Differences in how military holidays are observed can’t be reduced to a numbers game, though. In the United States, at least, they may also stem from a strain of American thinking that highlights historical triumphs and skips over what those triumphs have cost. Lindsey Tepe of the New America Foundation, for instance, has written about the ways in which public education has become a battleground between those who view American history as “a sweeping tale filled with … grand heroes, epic battles, and the continuing struggle for the rights to life, liberty, and the pursuit of happiness,” and those who recognize that “American history is also full of inconvenient truths … and the injustices perpetrated throughout the course of building this nation.” Winter argues that “what makes U.S. commemoration different is the emphasis on redemption in American narratives of war.” In the U.K., on the other hand, “the absence of the Lost Generation mattered more.” When America’s national mythology and political discourse preach a tale of endless victory and exceptionalism, there is less of an incentive to focus on those men and women who didn’t come home from battle.
The finer details make a difference as well. Joe Davis, director of public affairs at the VFW, believes the All-Volunteer Force, established in 1973, drove a wedge between the military community and an ever-growing civilian population. During the Second World War, the United States fielded a conscription-based military of approximately 16 million people, out of a population of 135 million. Today, the professional military is well below its troop level during World War II, and the U.S. population has more than doubled in the interim. Davis also cited as a factor the shifting of Memorial Day from its original, fixed date of May 30 to the last Monday of May. “When you link a military holiday to a three-day weekend, you lose the meaning of the day,” Davis told me.
Whatever the explanation, the lack of an appropriate occasion to commemorate America’s war casualties has been noted. From 1989 until his passing in 2012, Senator Daniel Inouye of Hawaii, a World War II veteran, repeatedly introduced resolutions to return Memorial Day to its traditional date—and, by proxy, its original intent. Separately, two bills have been introduced in Congress in the last two years alone—one to establish two minutes of silence on Veterans Day, the other to do the same on Memorial Day. Neither bill has been passed, although the one for Veterans Day has since been revised as an amendment to the National Defense Authorization Act.

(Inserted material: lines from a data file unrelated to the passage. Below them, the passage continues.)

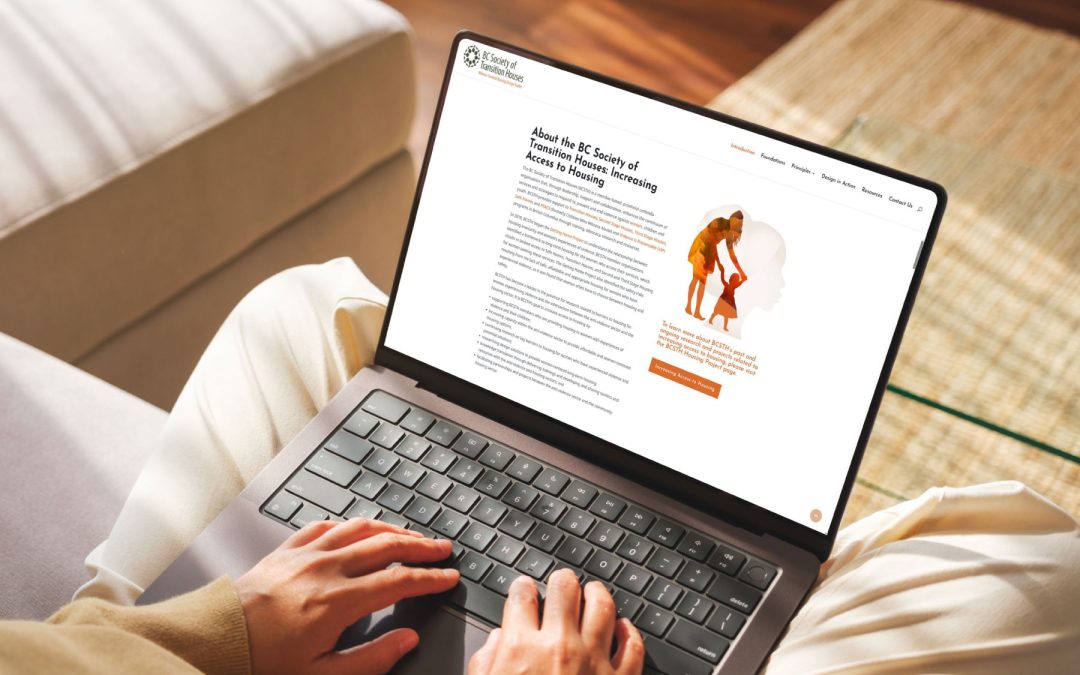 BCSTH, Housing Toolkit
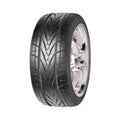 Forceum HEXA-R UHP 215/40R18 89Y XL Passenger Tire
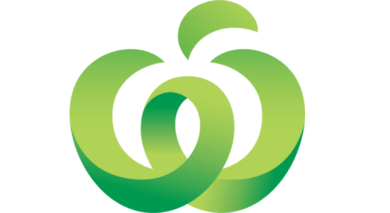 Woolworths Supermarket - Buy Groceries Online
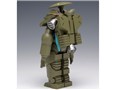 1/20SCALE �@������ �w�����^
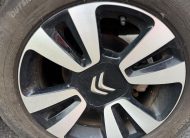 CITROEN C3 SHINE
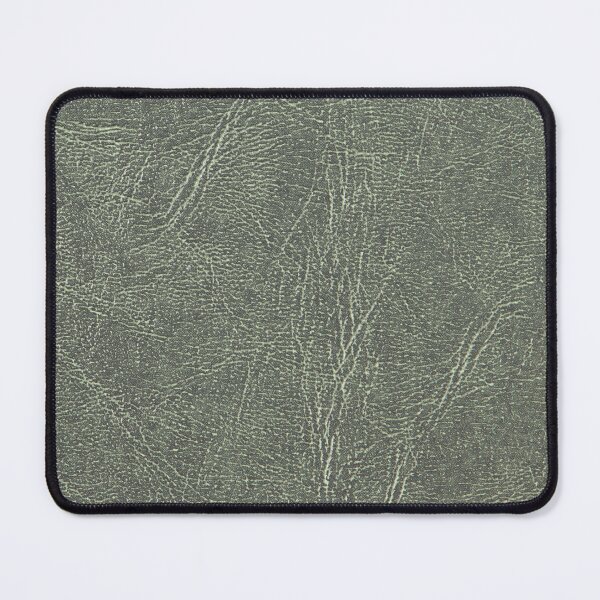 Item preview, Close up of a grey distressed leather texture background    designed and sold by homydesign.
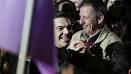 Greeces Syriza Leads in Polls as General Election Looms - WSJ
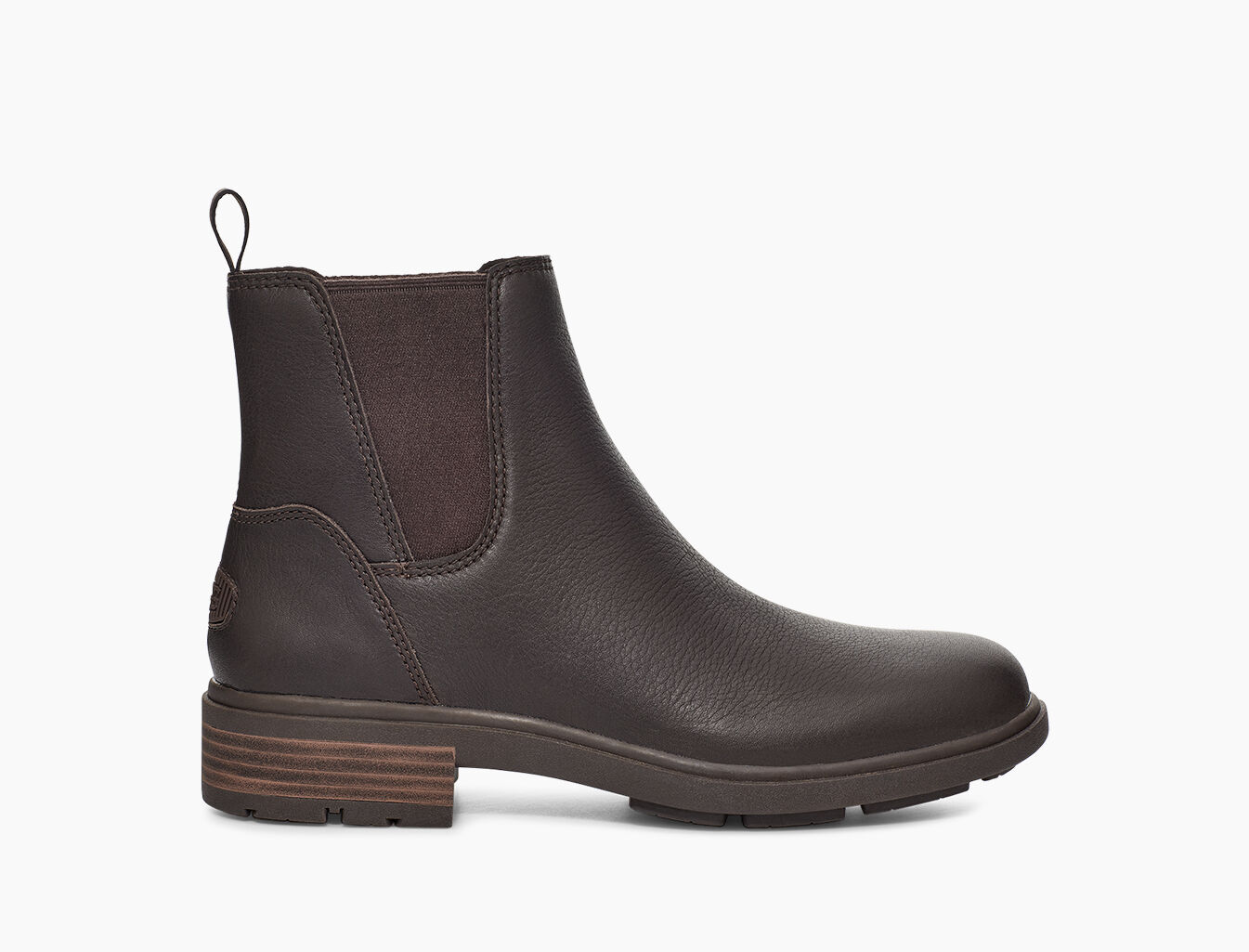 faux fur cossack hat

The timing of these bills is opportune. Judging by recent polls, the American public is war-weary and largely of the view that the wars in Iraq and Afghanistan were failures. A debate is also underway about what America’s global role should be, with many Americans leaning toward isolationism (despite a surge of support for a more muscular U.S. foreign policy following ISIS’s beheading of American journalists). In this environment, it would be worthwhile to rigorously observe a moment in which Americans collectively acknowledge the good that their country has done in the world—and the real, human costs that have accompanied that involvement.